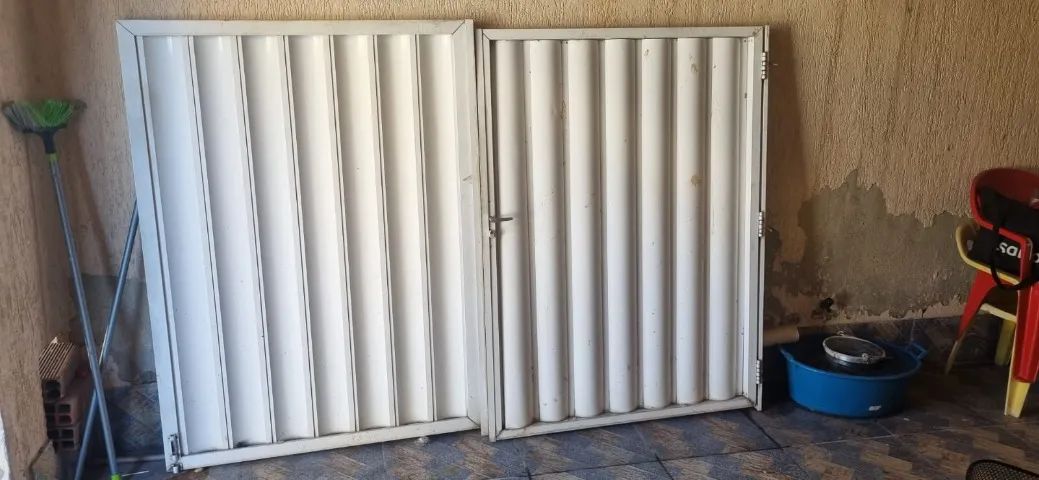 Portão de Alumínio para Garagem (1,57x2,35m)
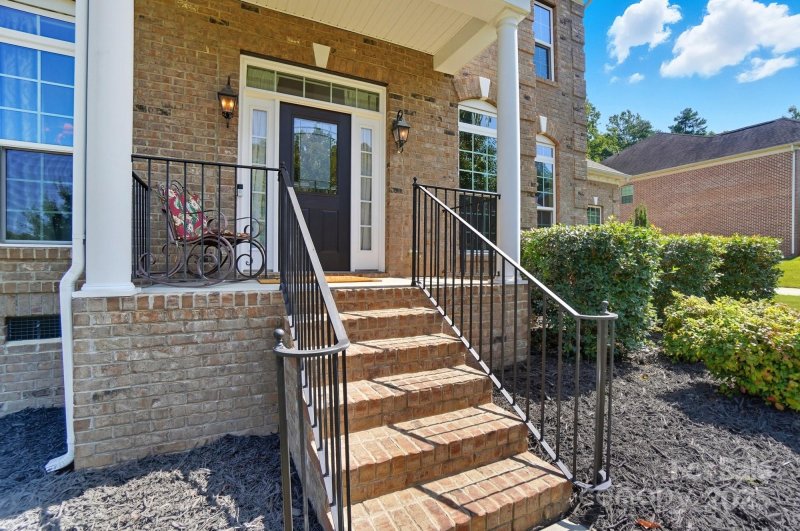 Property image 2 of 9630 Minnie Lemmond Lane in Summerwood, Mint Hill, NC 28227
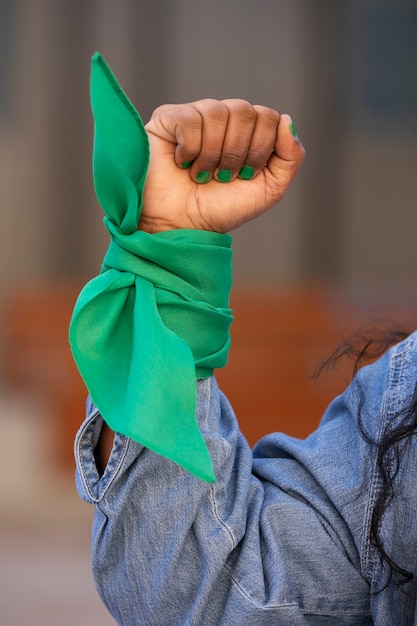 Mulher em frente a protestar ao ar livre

+-------+

▶ **What you will do**: Reproduce the data above word for word and omit the images.

▶ **Written response**:
 Portão de Alumínio para Garagem (1,57x2,35m)
 Property image 2 of 9630 Minnie Lemmond Lane in Summerwood, Mint Hill, NC 28227
 Mulher em frente a protestar ao ar livre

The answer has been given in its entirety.